Short text fragments from websites:
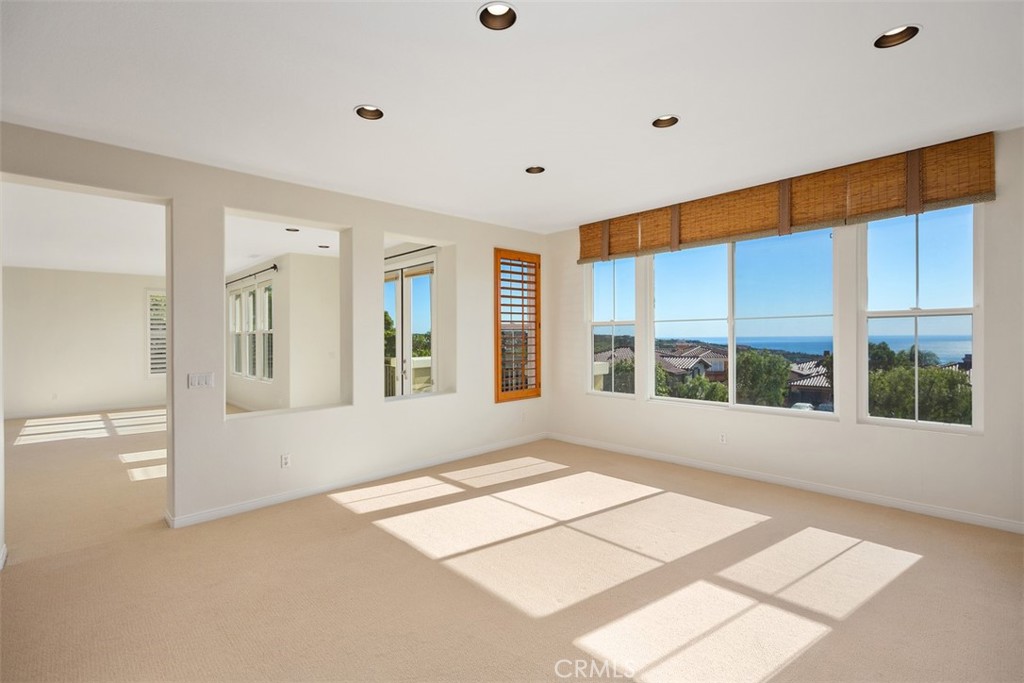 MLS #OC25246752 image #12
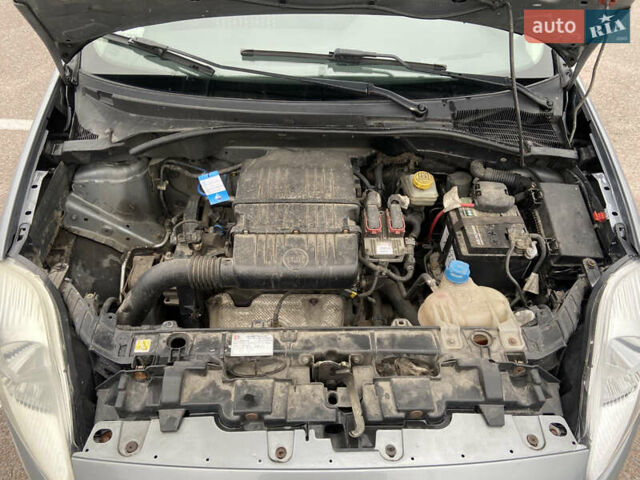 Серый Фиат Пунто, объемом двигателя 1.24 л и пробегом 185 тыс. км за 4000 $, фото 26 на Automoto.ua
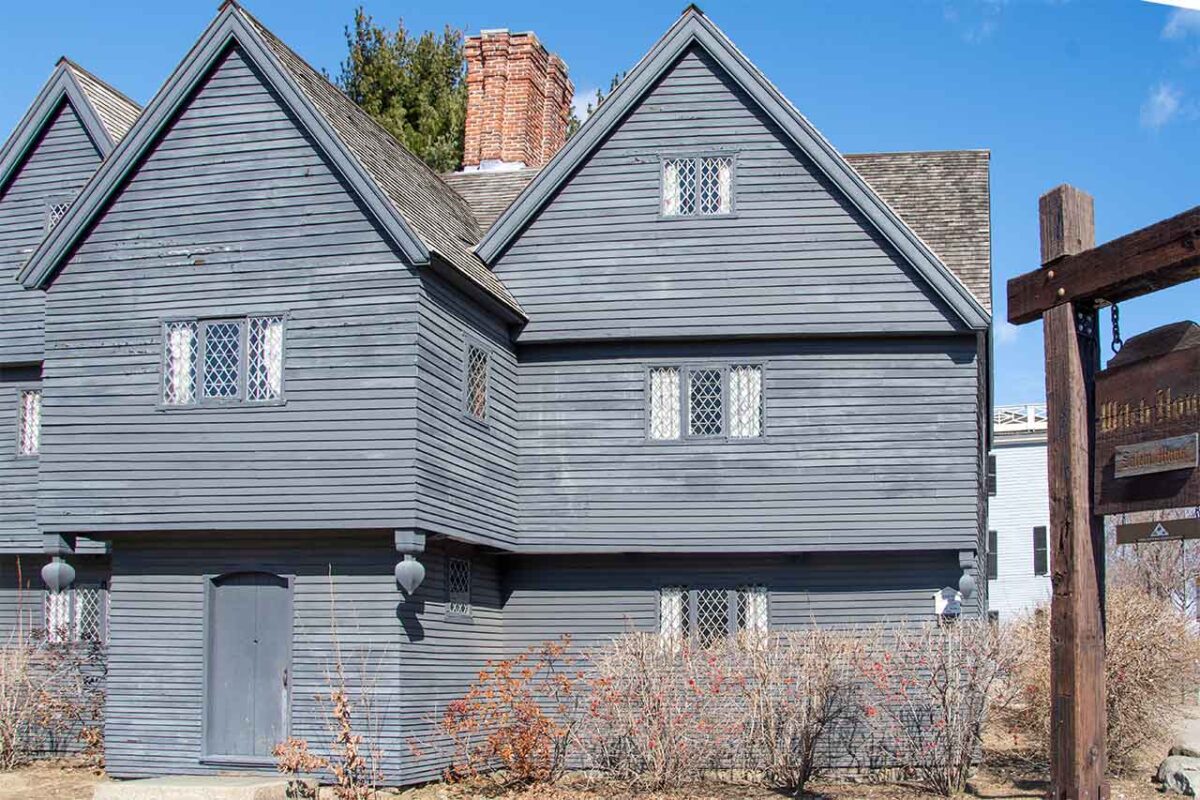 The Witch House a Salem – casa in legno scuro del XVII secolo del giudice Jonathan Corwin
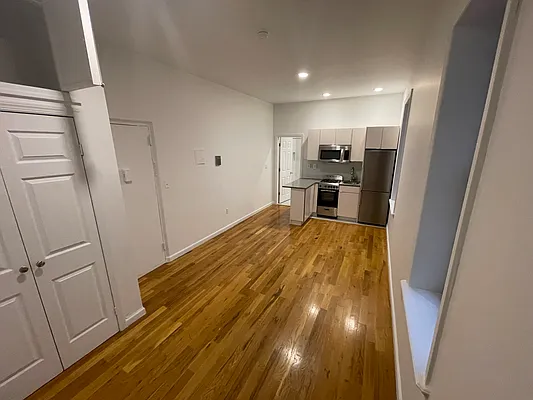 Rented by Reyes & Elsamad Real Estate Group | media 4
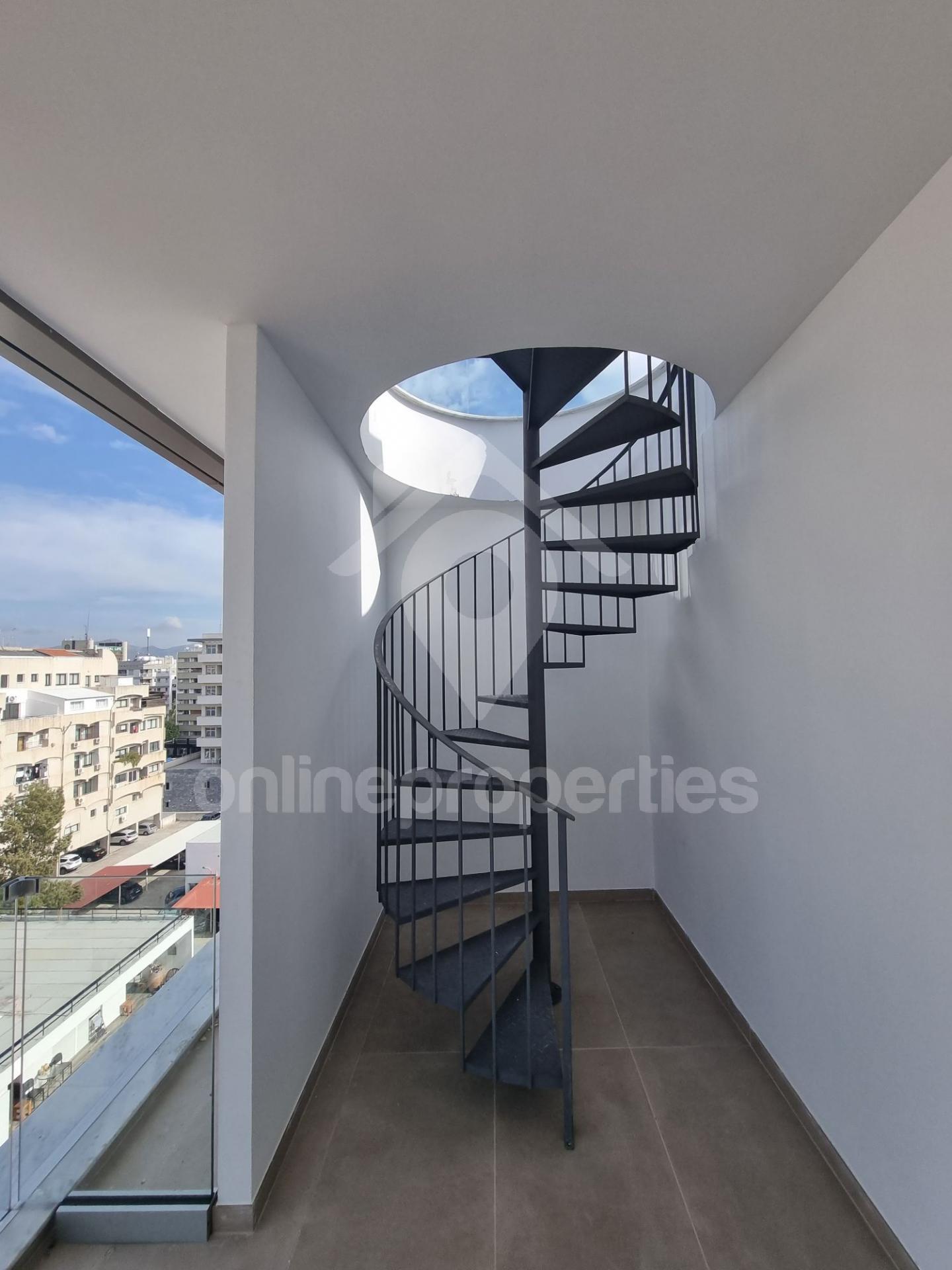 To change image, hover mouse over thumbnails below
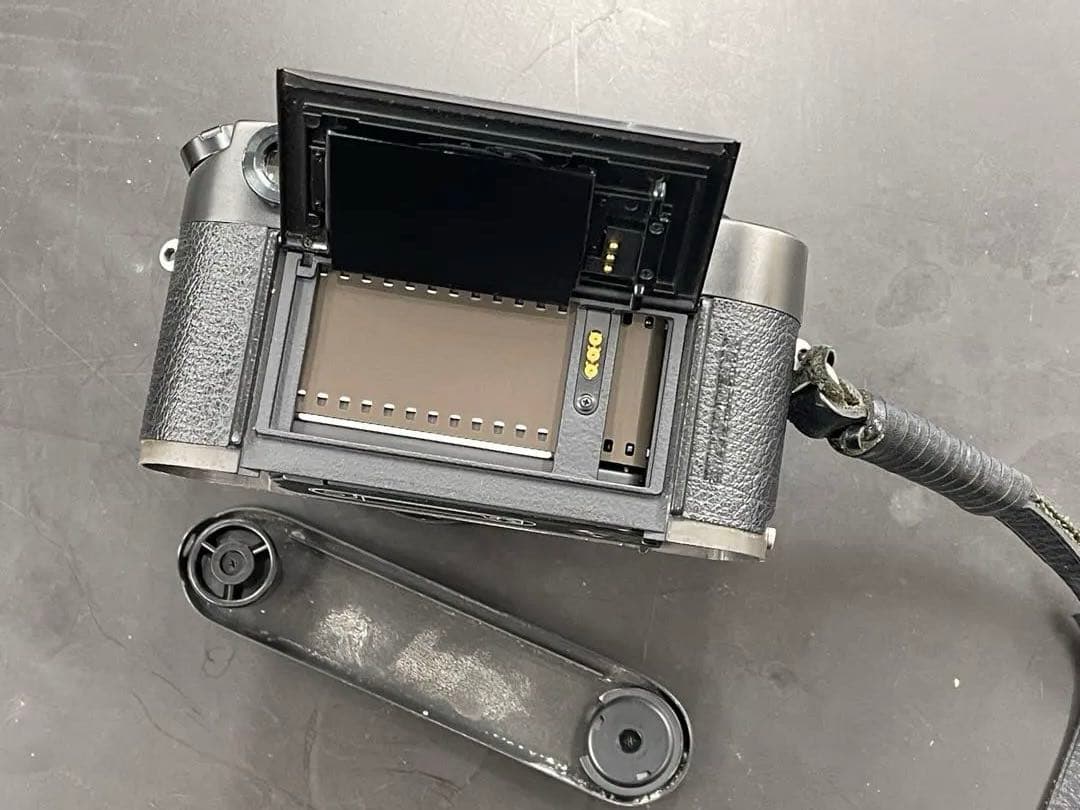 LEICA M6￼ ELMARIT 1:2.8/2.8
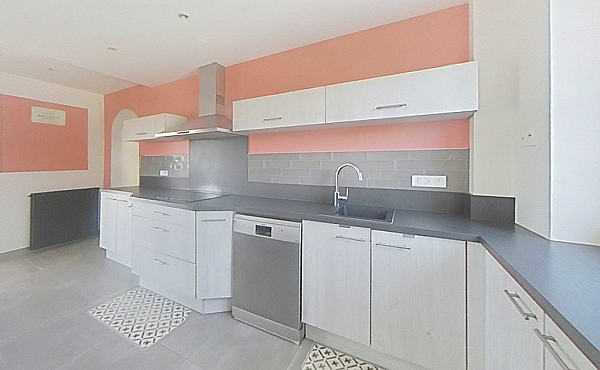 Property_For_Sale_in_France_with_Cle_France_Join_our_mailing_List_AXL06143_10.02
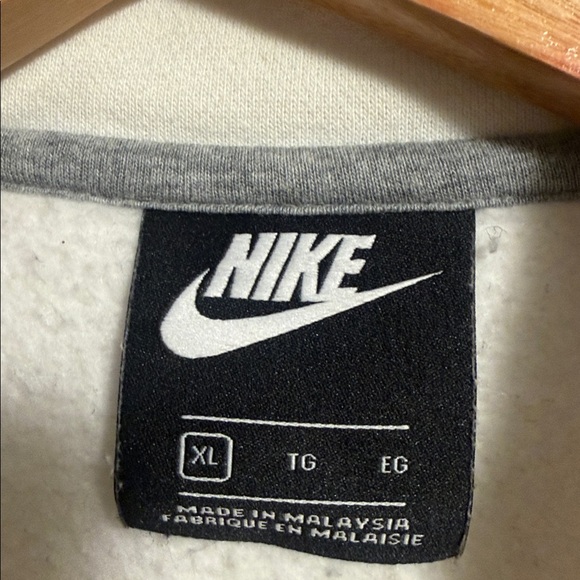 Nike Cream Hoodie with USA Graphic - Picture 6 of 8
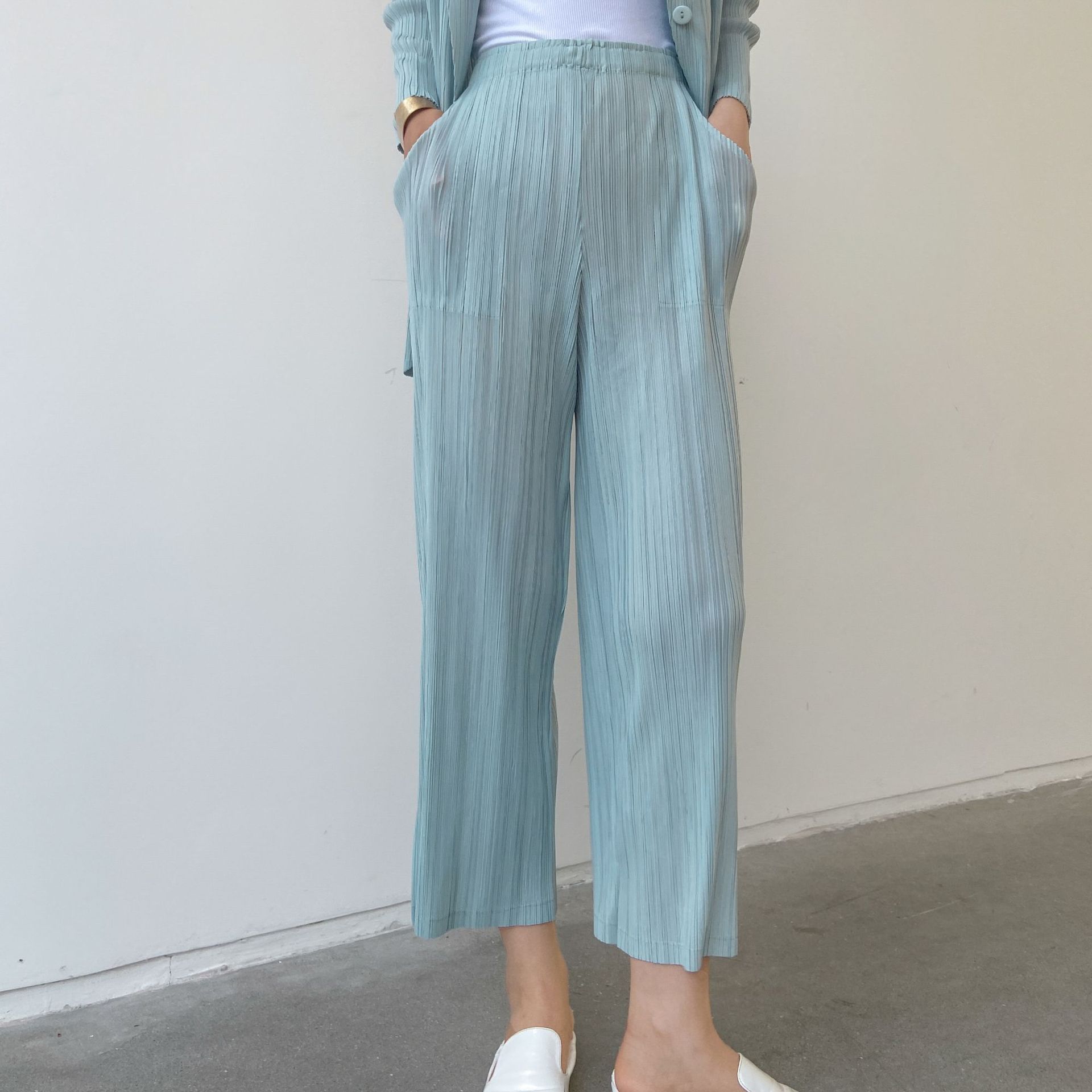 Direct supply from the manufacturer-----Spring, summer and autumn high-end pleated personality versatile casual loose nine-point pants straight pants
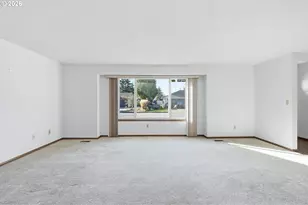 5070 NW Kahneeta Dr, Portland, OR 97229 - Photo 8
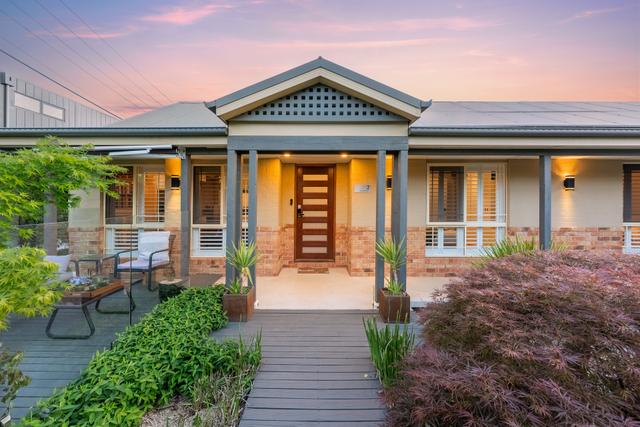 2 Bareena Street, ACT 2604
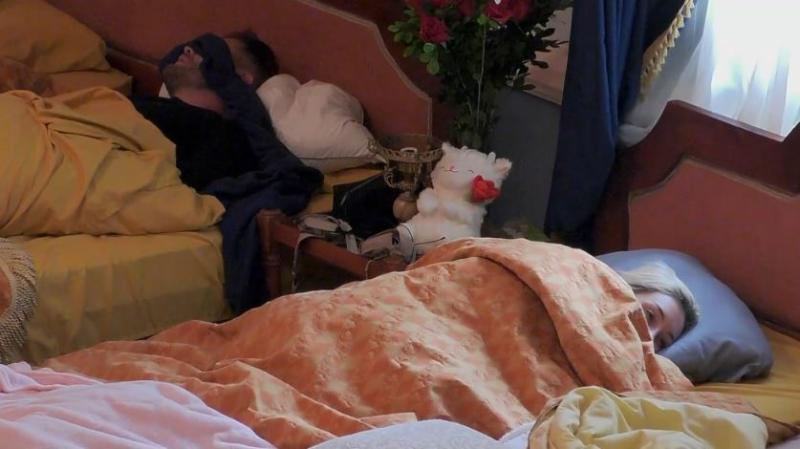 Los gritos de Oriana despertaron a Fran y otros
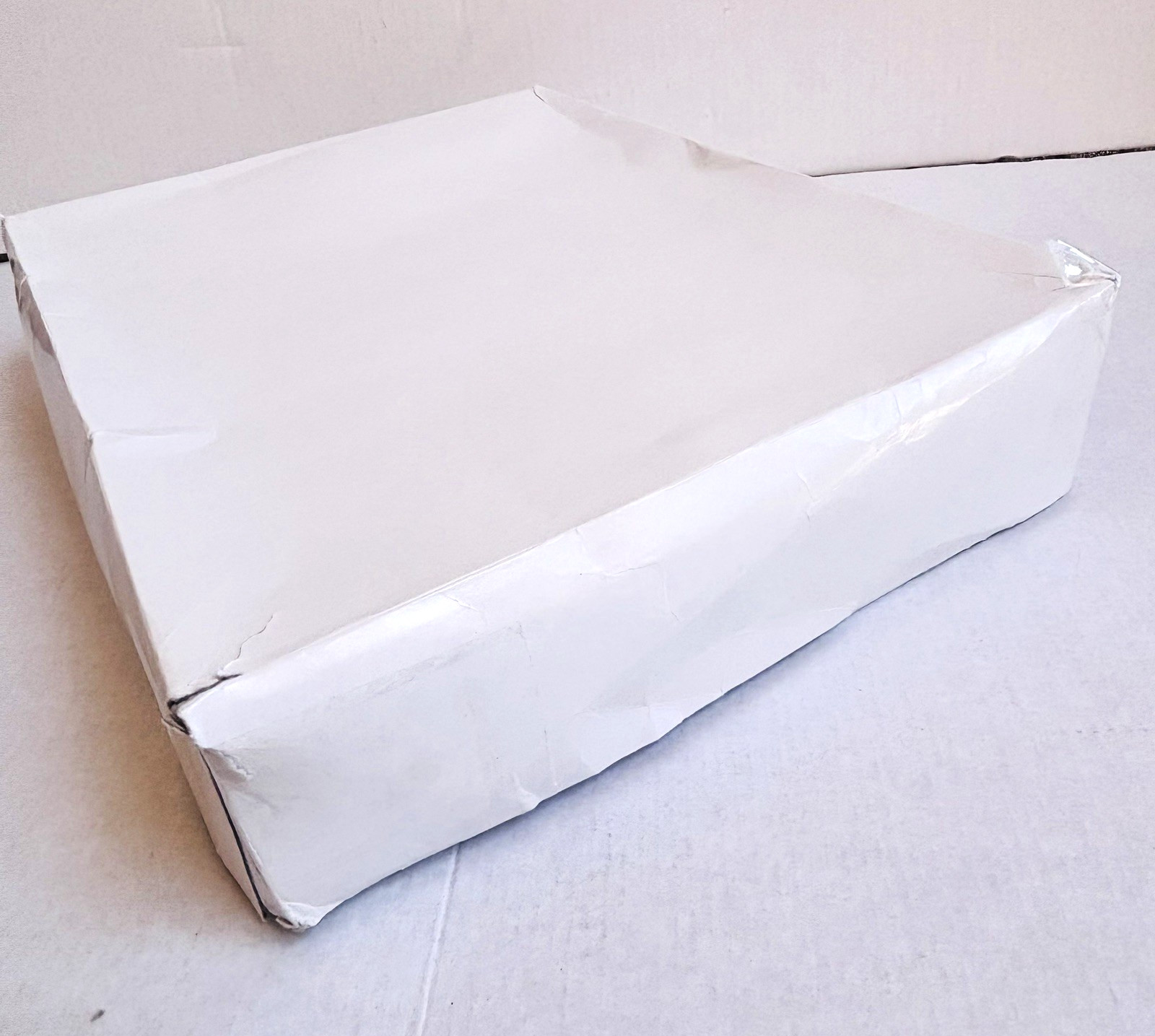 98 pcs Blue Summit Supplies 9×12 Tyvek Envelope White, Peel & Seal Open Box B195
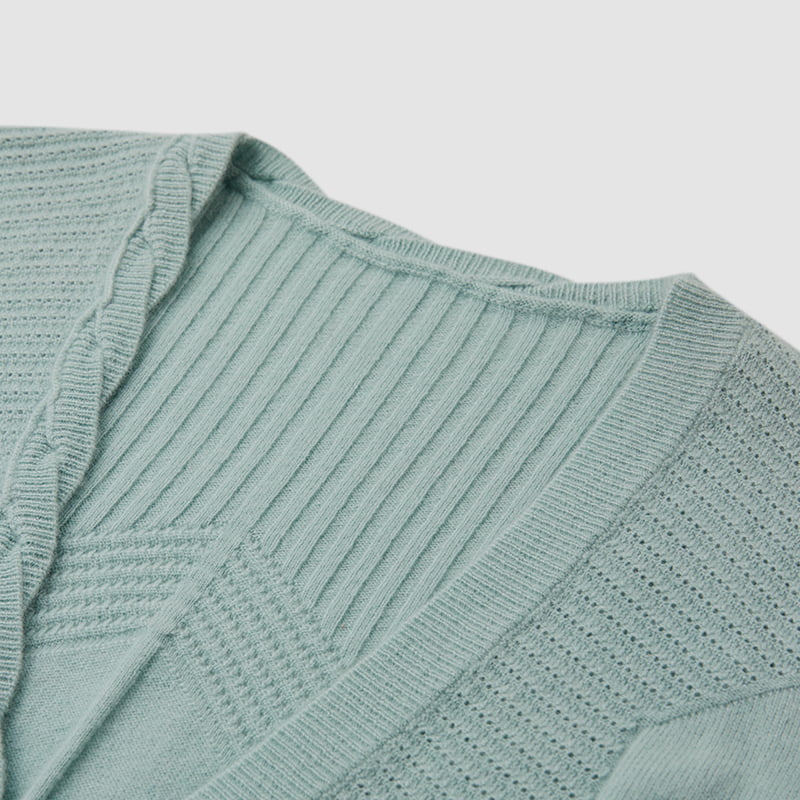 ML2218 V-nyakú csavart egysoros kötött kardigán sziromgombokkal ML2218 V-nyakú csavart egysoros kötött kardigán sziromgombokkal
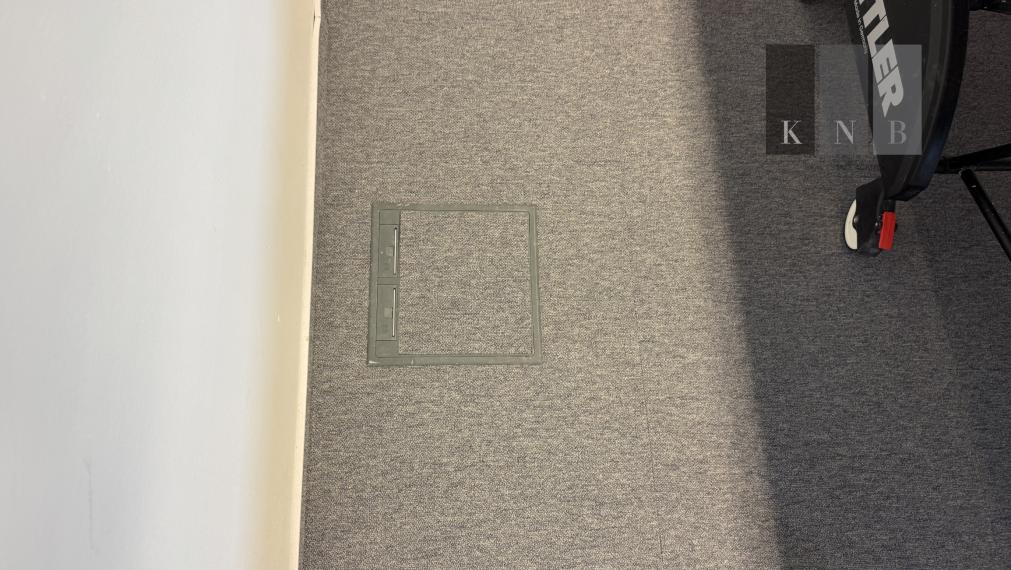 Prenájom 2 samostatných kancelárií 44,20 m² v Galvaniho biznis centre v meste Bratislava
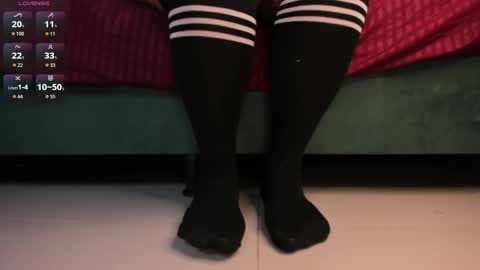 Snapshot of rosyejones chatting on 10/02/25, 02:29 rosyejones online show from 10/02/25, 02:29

Problem requirements =>
Give again, word for word, the lines above from the one with "Nike Cream Hoodie" through the final line of the data, both ends included. Do not copy any picture.

Output of the task =>
 Nike Cream Hoodie with USA Graphic - Picture 6 of 8
 Direct supply from the manufacturer-----Spring, summer and autumn high-end pleated personality versatile casual loose nine-point pants straight pants
 5070 NW Kahneeta Dr, Portland, OR 97229 - Photo 8
 2 Bareena Street, ACT 2604
 Los gritos de Oriana despertaron a Fran y otros
 98 pcs Blue Summit Supplies 9×12 Tyvek Envelope White, Peel & Seal Open Box B195
 ML2218 V-nyakú csavart egysoros kötött kardigán sziromgombokkal ML2218 V-nyakú csavart egysoros kötött kardigán sziromgombokkal
 Prenájom 2 samostatných kancelárií 44,20 m² v Galvaniho biznis centre v meste Bratislava
 Snapshot of rosyejones chatting on 10/02/25, 02:29 rosyejones online show from 10/02/25, 02:29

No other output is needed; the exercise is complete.